#3 Choosing a Hosting Server
A history of web hosting from Apache and Nginx to CDN and Cloudflare, discussing why Cloudflare is ideal for modern blogs.
Now that we have decided where to save our project, the next step is finding a server to publish our project files on the internet.
In the past, web servers started with HTTPd (from 1990), succeeded by Apache (from 1995) which ruled as king for a long time. However, as Apache grew heavy with complex features, the mainstream shifted globally to Nginx (from 2004) for its lightweight, high-speed processing.
However, serving content from a single server inevitably causes physical latency. As data travels through various network nodes to reach homes, offices, and mobile devices, the overhead of the route increases. With the explosion of internet traffic, transmitting data over long distances takes even more time.

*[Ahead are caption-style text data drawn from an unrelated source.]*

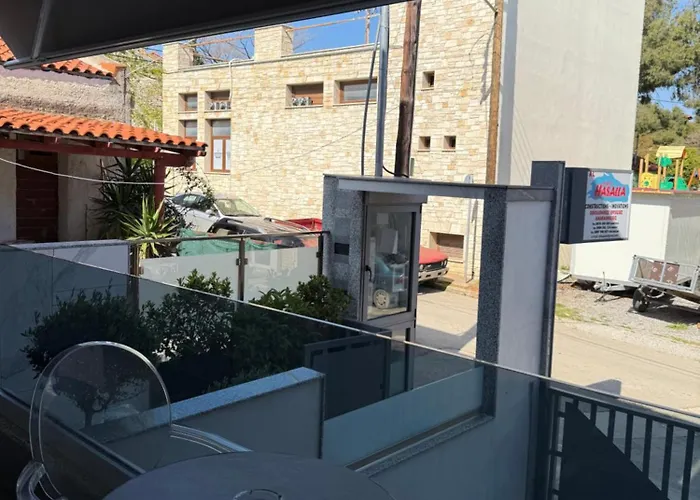 Afoi Hasalla 2 Néa Fókaia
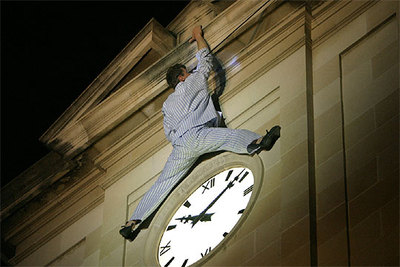 Harold Lloyd en Reus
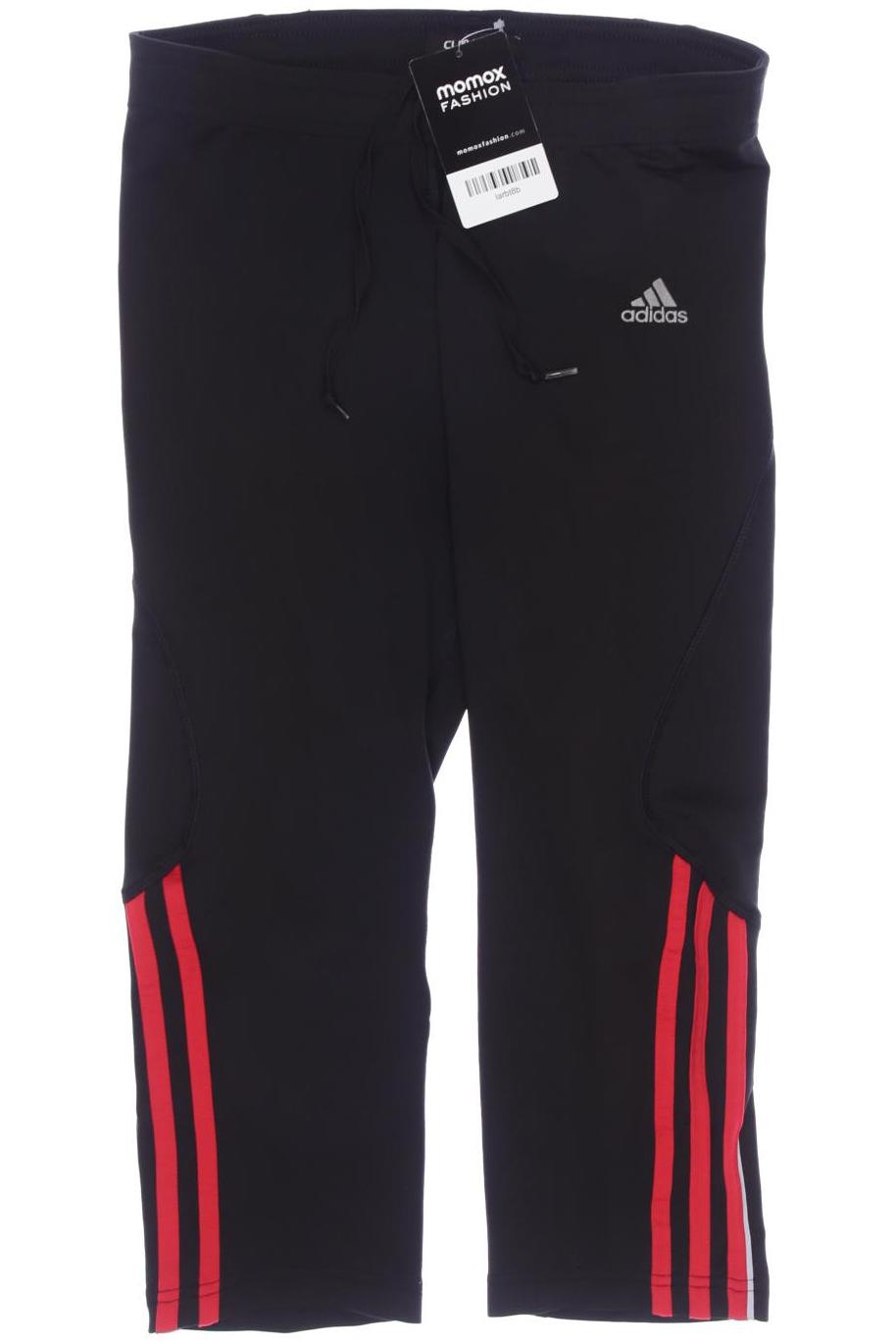 

adidas Damen Shorts, schwarz, Gr. 38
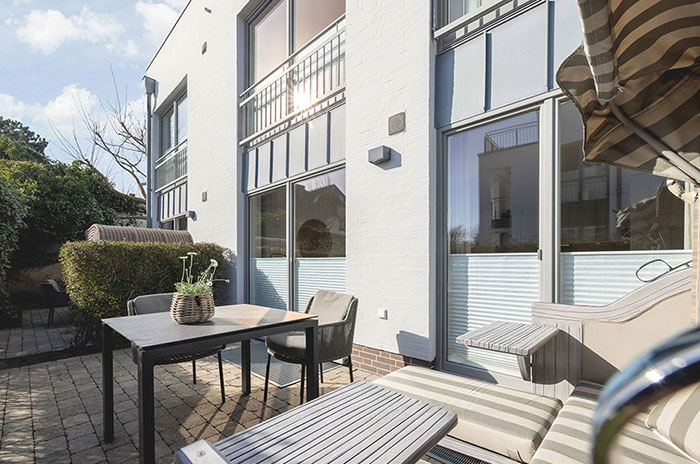 3-Zimmer-EG-Wohnung | Maisonette - Sylt, Viktoriastraße 4 | Wohnung 2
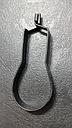 GRIFFIN #13- REGULAR HACKLE PLIER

To solve this, the concept of a CDN (Content Delivery Network) emerged. It delivers content from the server closest to the user rather than a single central server—a natural solution for speed. While building and maintaining such networks is extremely costly, once established, there is no system more powerful.
Eventually, outsourcing to specialized hosting providers became far more cost-effective than running on-premise servers. Companies worldwide began migrating to Amazon Web Services (AWS), Google Cloud (GCP), and Microsoft Azure. I once helped manage servers for life and non-life insurance companies. Huge buildings with perfect air conditioning, specialized security personnel, server maintenance staff, massive hardware support fees, and backup generators in the basement—it was a terrifyingly expensive operation. In hindsight, it makes perfect sense that consolidating infrastructure under specialized providers reduces costs compared to every company building their own.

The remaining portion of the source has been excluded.